This survey of 539 papers – who did it, and where was it published?
Indonesia lies near the equator. Models predict, and observations confirm, that equatorial regions, being very humid, experience a smaller forcing from increasing CO2 than polar regions do. The quoted mean temperatures tell us nothing at all about trends, data that is conspicuously absent from this piece.
What do the authors make of the rapid warming observed at temperate latitudes, and the even more rapid warming observed at high northern latitudes? Why do they think the stratosphere is cooling?
Louis Hissink says
RW,
Perhaps a 12 year old could but clearly an older person can’t – quoting from the piece in question ““The output from different models is often different and sometimes contradictory. For example, [a UK climate model] predicts increases in temperature and decreases in precipitation for Indonesia, while [a German model] predicts an increase in both temperature and precipitation.”
So the models don’t.
And what rapid warming in the temperate zones – evidence please and not modelling results.

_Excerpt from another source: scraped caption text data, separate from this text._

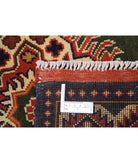 Afghan 2' 11" X 10' 2" Hand-Knotted Wool Rug 2' 11" X 10' 2" (89 X 310) / Green / Ivory
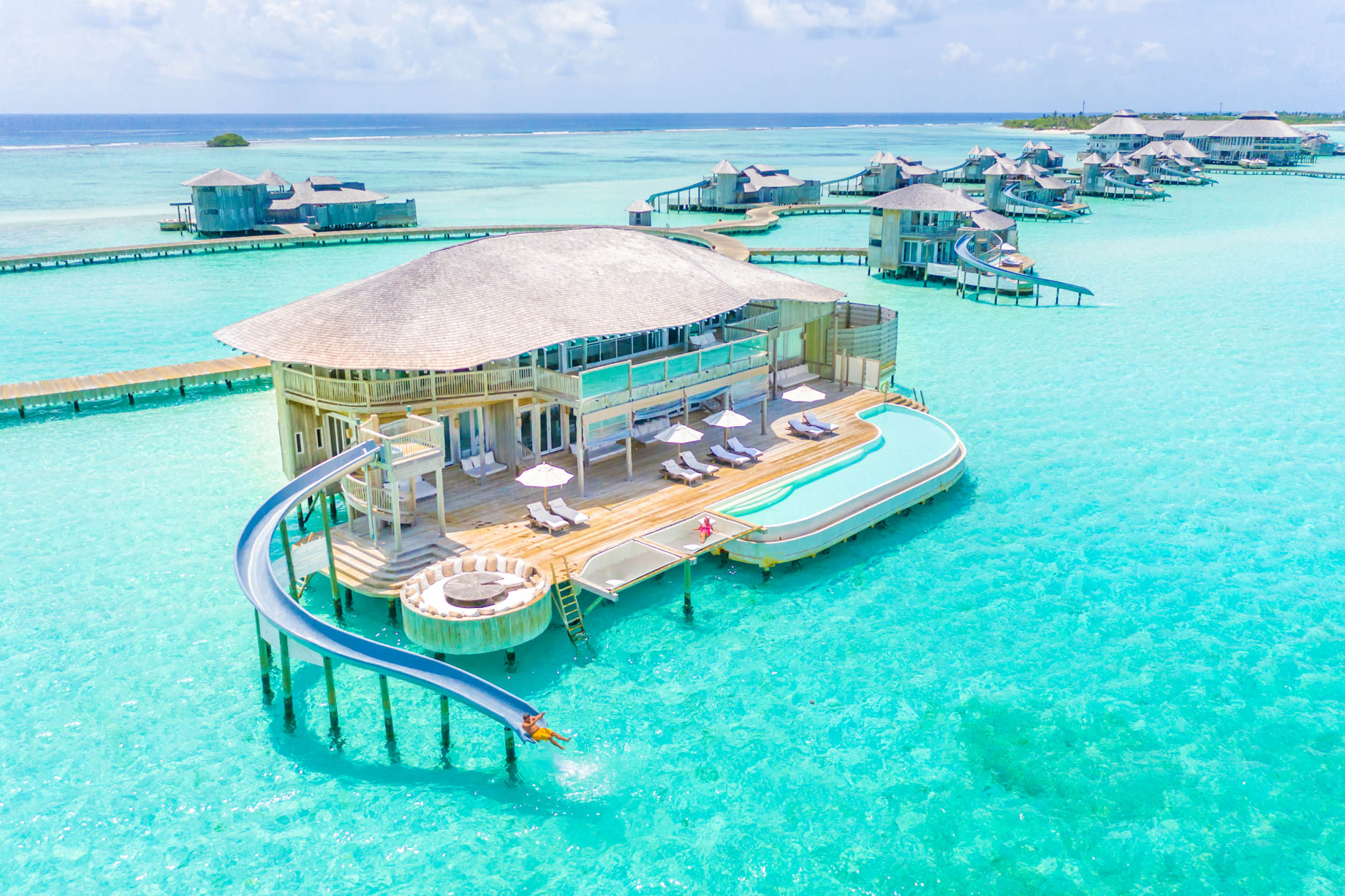 Soneva Jani Resort – Noonu Atoll, Medhufaru, Maldives – 4 Bedroom Water Reserve Villa with Slide Aerial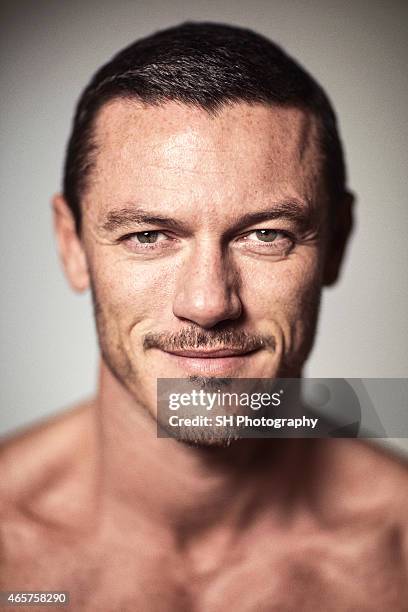 Actor Luke Evans is photographed on November 27, 2012 in London, England.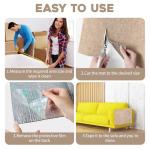 Self-Adhesive Cat Scratching Mat for Wall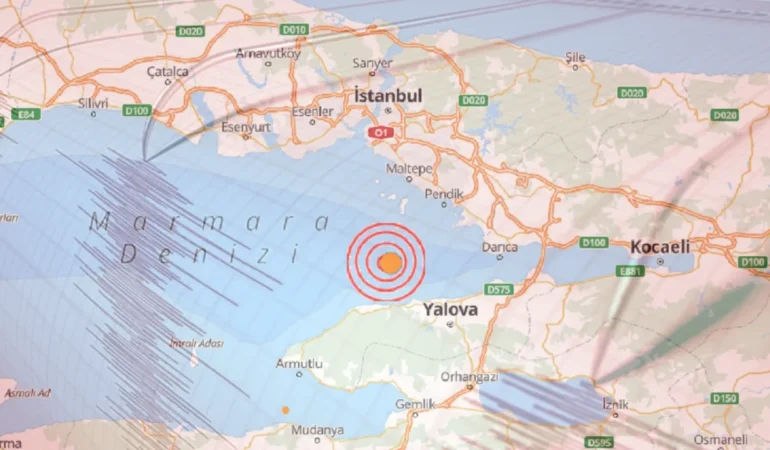 Yalova’da 4 büyüklüğünde deprem!
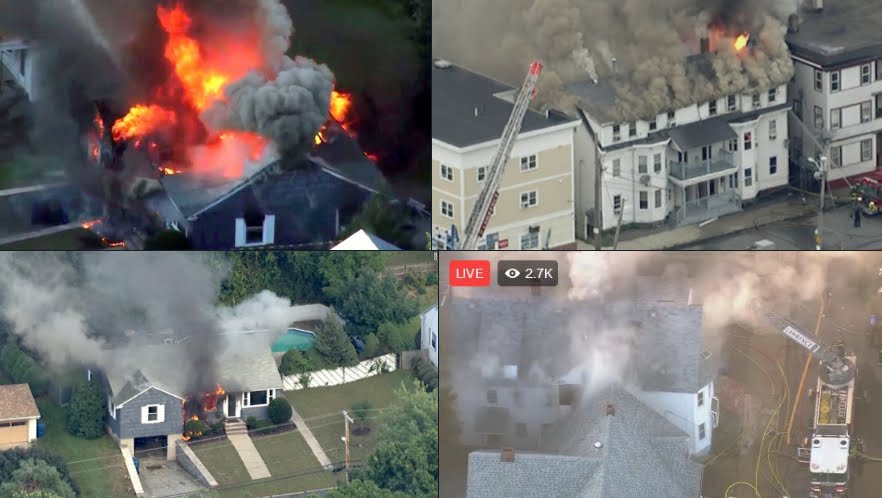Massachusetts, esplosioni in serie: edifici in fiamme, panico e feriti - VIDEO.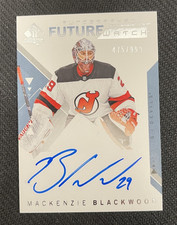 2018-19 SP AUTHENTIC MACKENZIE BLACKWOOD #176 FW ROOKIE AUTO #ed 475/999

Incidentally the earth’s thermal state is not determined by the temperature of its atmosphere but by the temperature of the solid earth itself. From the point of heat content the whole AGW is a furphy but it is very well argued and only the gullible seem to have swallowed it hook, line and sinker.
For what it’s worth, the earth has a quiescent electric field (surface to ionosphere) of some 100 volts per vertical meter. This electric field will dissipate when the electric current powering it diminishes or collapses.
NASA has just realised that the Flux Tube Events are real, and that the Earth is continuously receiving billions of amperes of electric current from the Sun and space.
As most of us understand, electric currents passing through matter generate heat.
Have you considered the remote possibililty that these measured electric currents might be the driver of earth’s thermal state?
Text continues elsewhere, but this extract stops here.